We’re taking part in Copyright Week, a series of actions and discussions supporting key principles that should guide copyright policy. Every day this week, various groups are taking on different elements of the law, and addressing what’s at stake, and what we need to do to make sure that copyright promotes creativity and innovation.

og-copyrightweek

Today’s theme is Transparency and Representation: Copyright policy must be set through a participatory, democratic, and transparent process. It should not be decided through back room deals, secret international agreements, or unilateral attempts to apply national laws extraterritorially.

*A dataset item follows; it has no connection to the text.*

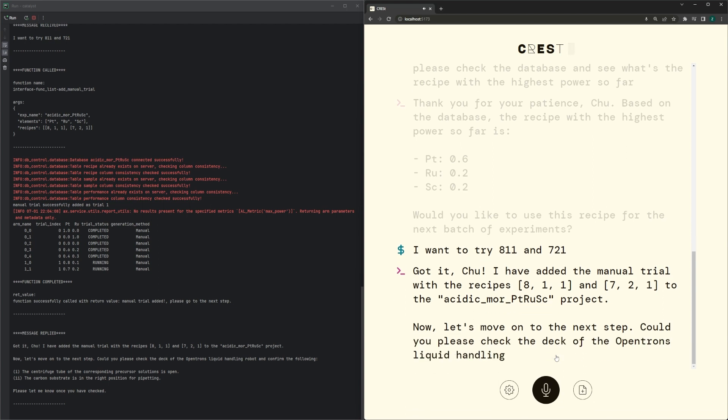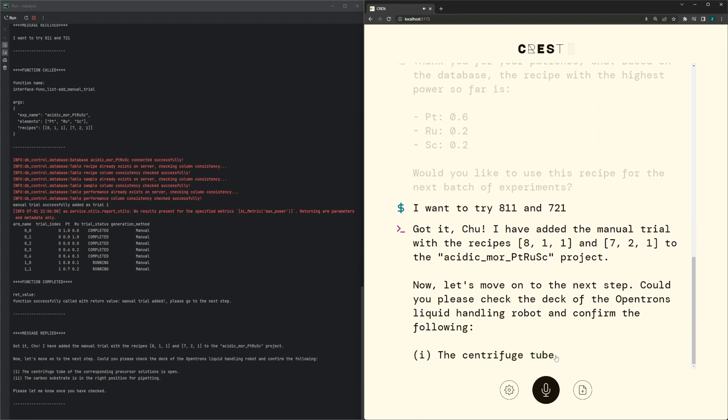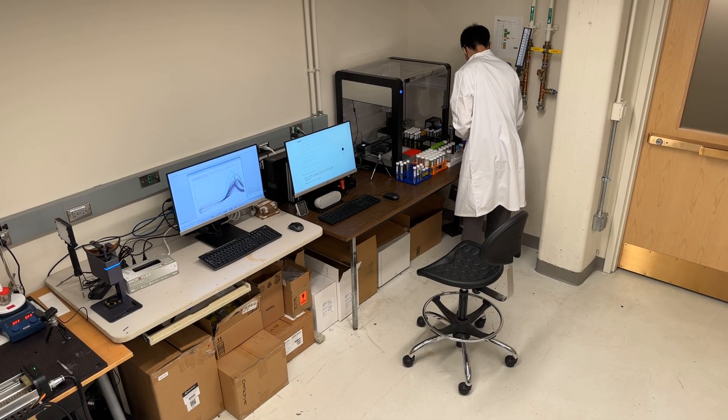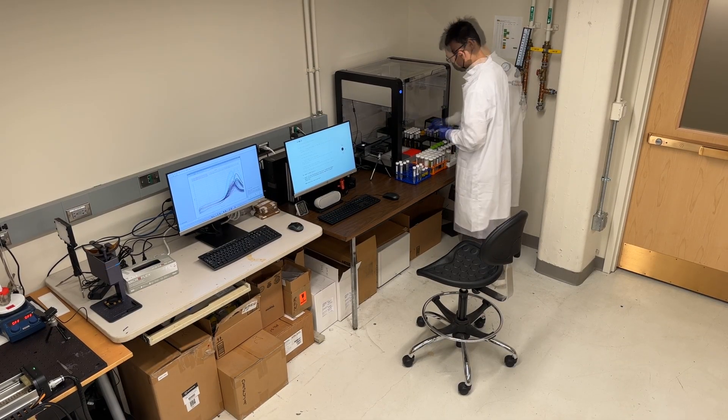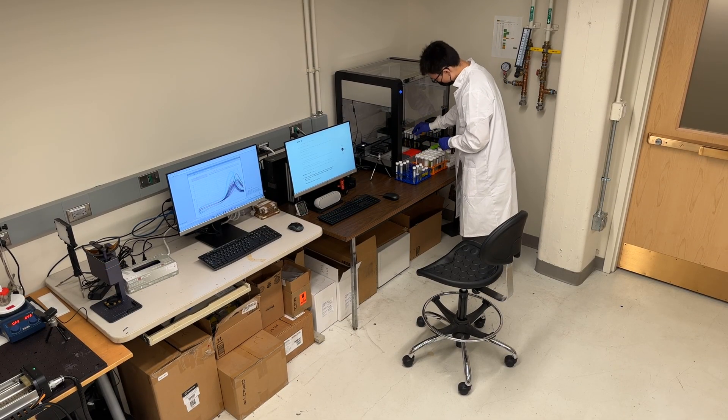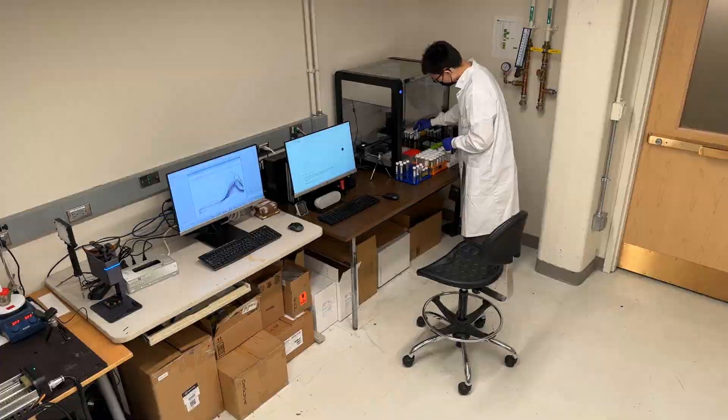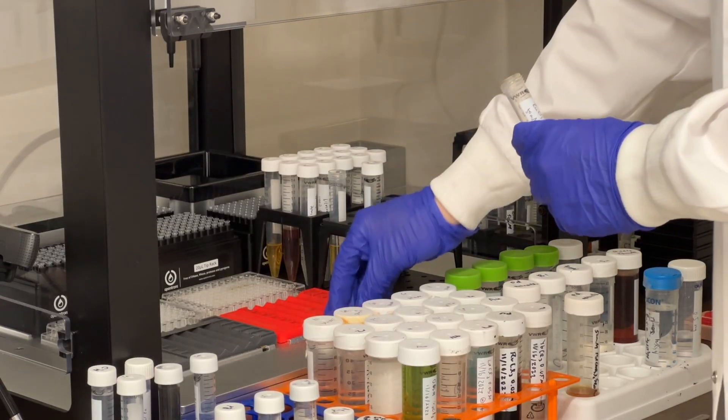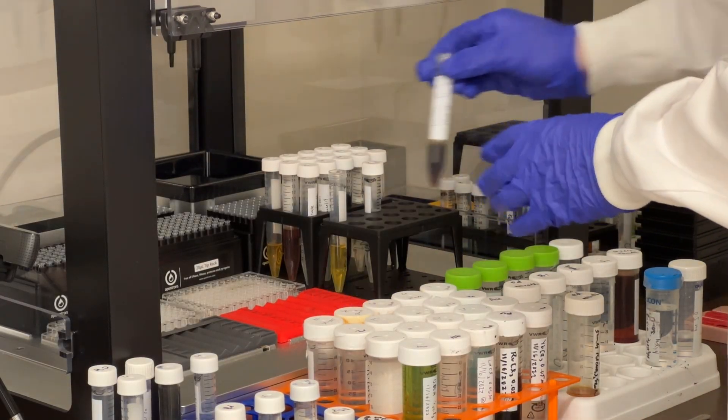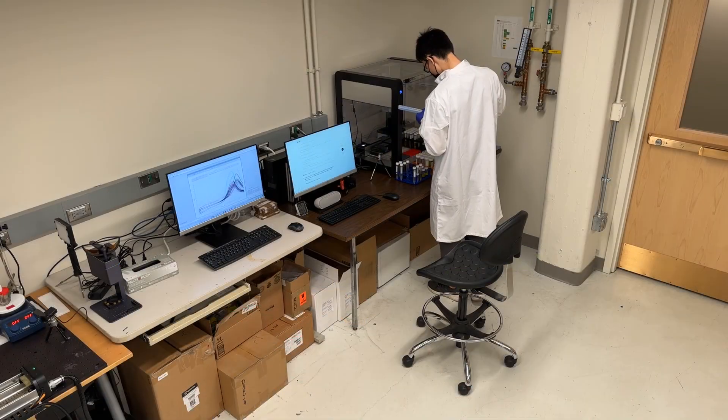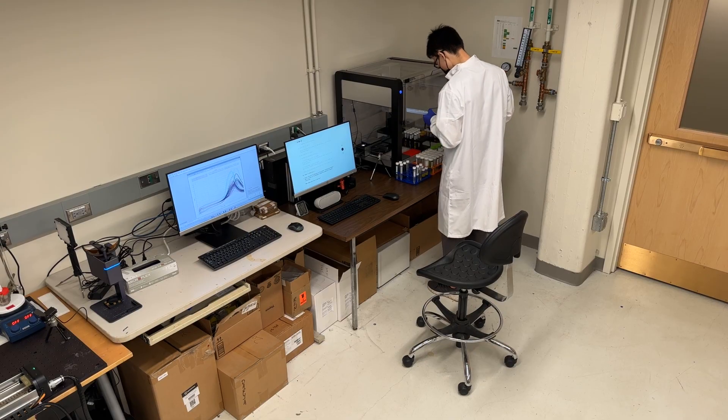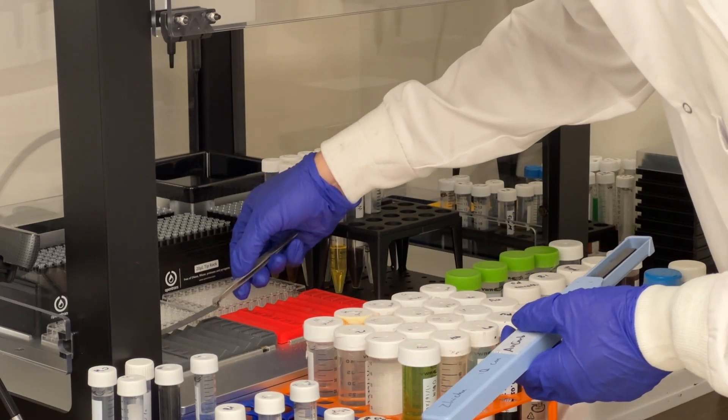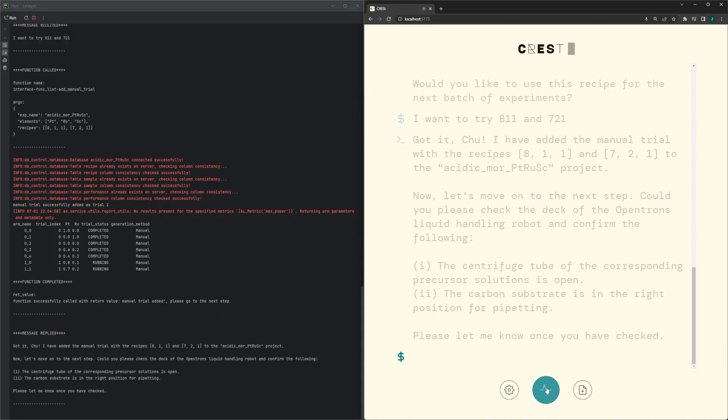Now let's move on to the next step. Could you please check the deck of the Opentron's liquid handling robot and confirm the following? First, the centrifuge tube of the corresponding precursor solutions is open. Second, the carbon substrate is in the right position for pipetting. Please let me know once you have checked. Yes, I've checked. They're ready.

Transparency is critical in understanding what laws may be created that will affect the public. For years, the United States has been involved in negotiated trade agreements in secret, without giving the public ample opportunity to make comments and engage in a meaningful way.  ARL has blogged about the concerns around the lack of transparency in trade negotiations many times in the past, noting that this is a primary failing of the negotiations of the Trans-Pacific Partnership Agreement (TPP), Trans-Atlantic Trade and Investment Partnership (TTIP) and other agreements, resulting in a lack of democratic process.  Although USTR has claimed transparency due to the opportunities to provide stakeholder presentations at various negotiations round, the secrecy of the negotiating texts and proposals made it impossible to actually give meaningful engagement.  Unlike the EU, for example, in the TTIP negotiations, USTR has not released draft textual proposals.

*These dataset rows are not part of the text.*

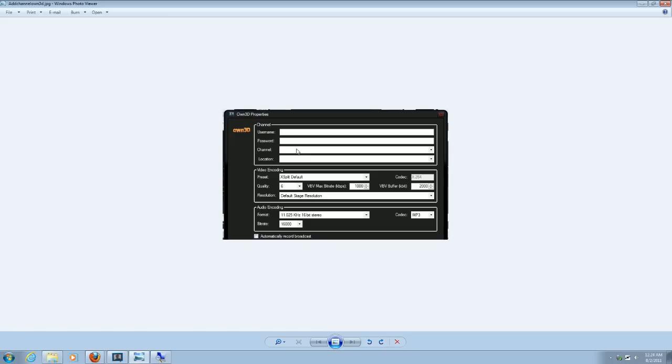Otherwise, type it in verbatim. You can also put in your location. I don't know if that's very necessary.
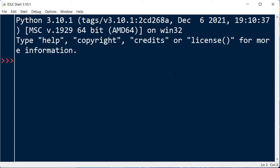First thing that we need to do is to import the subprocess module from the standard Python library.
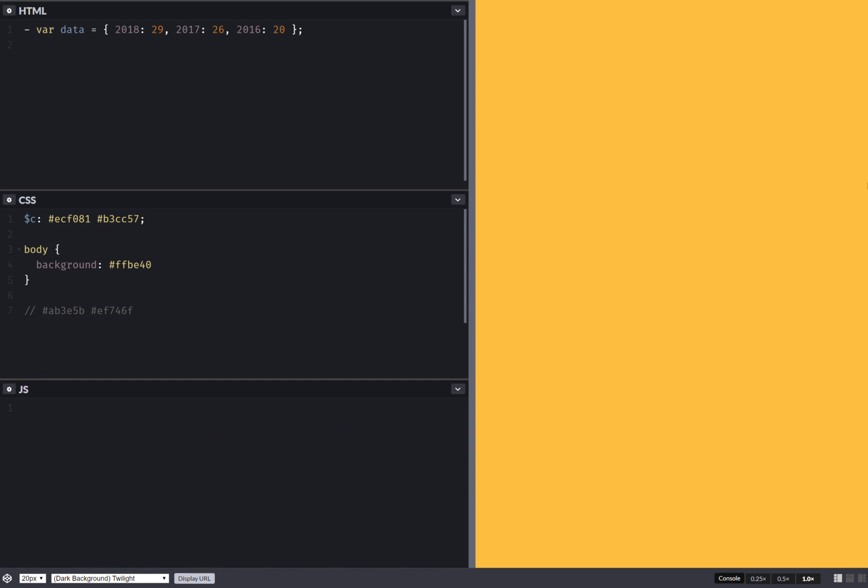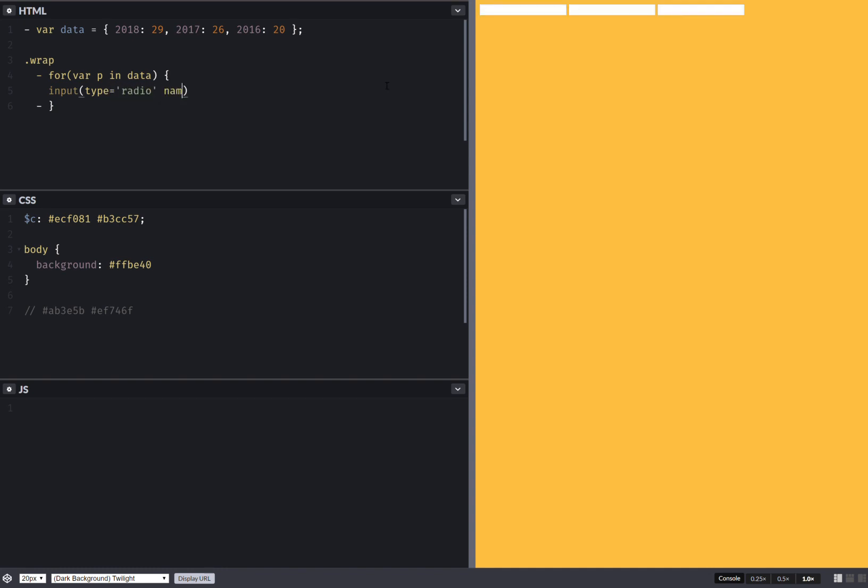So we start with an object where we have the years and the values for each year. And then we create a wrapper element. And then we loop through this object. So this property is going to be my year in this object. And here I create some radio inputs. So input type radio. We give them the same name, which is option. I'll give them IDs. And these IDs are going to depend on the year. So I interpolate that here. And then I add labels. But first, let's make them checked. Because only the last one is going to stay checked anyway. This is something we'll be changing a bit later.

In 2016, ARL joined a coalition making critical recommendations for the United States Trade Representative Open Government Plan.

  1. Publish U.S. textual proposals on rules in ongoing international trade negotiations: USTR should immediately make available on its website the textual proposals related to rules that it has already tabled to its negotiating partners in the context of the TTIP, TiSA, and any other bilateral, regional, or multilateral trade negotiation it undertakes.
  2. Publish consolidated texts after each round of ongoing negotiations: USTR should impose as a prerequisite to any new or continuing trade negotiations that all parties agree to publish consolidated draft texts on rules after each negotiating round.
  3. Appoint a “transparency officer” who does not have structural conflicts of interest in promoting transparency at the agency.

These are the critical steps that USTR should take in negotiating trade agreements, whether the government is negotiating new agreements or, as President-elect Trump has promised to do, revisiting old agreements. The textual proposals are key to understanding what is being negotiated. While fact sheets may be useful, they are no substitute for the actual language of the texts which are highly technical and nuanced. As noted in ARL’s analysis of the final TPP text, there were significant improvements in the text from earlier proposals. Some of these improvements may have been made possible through the input of civil society and academics, but these comments were only possible due to access to leaked text.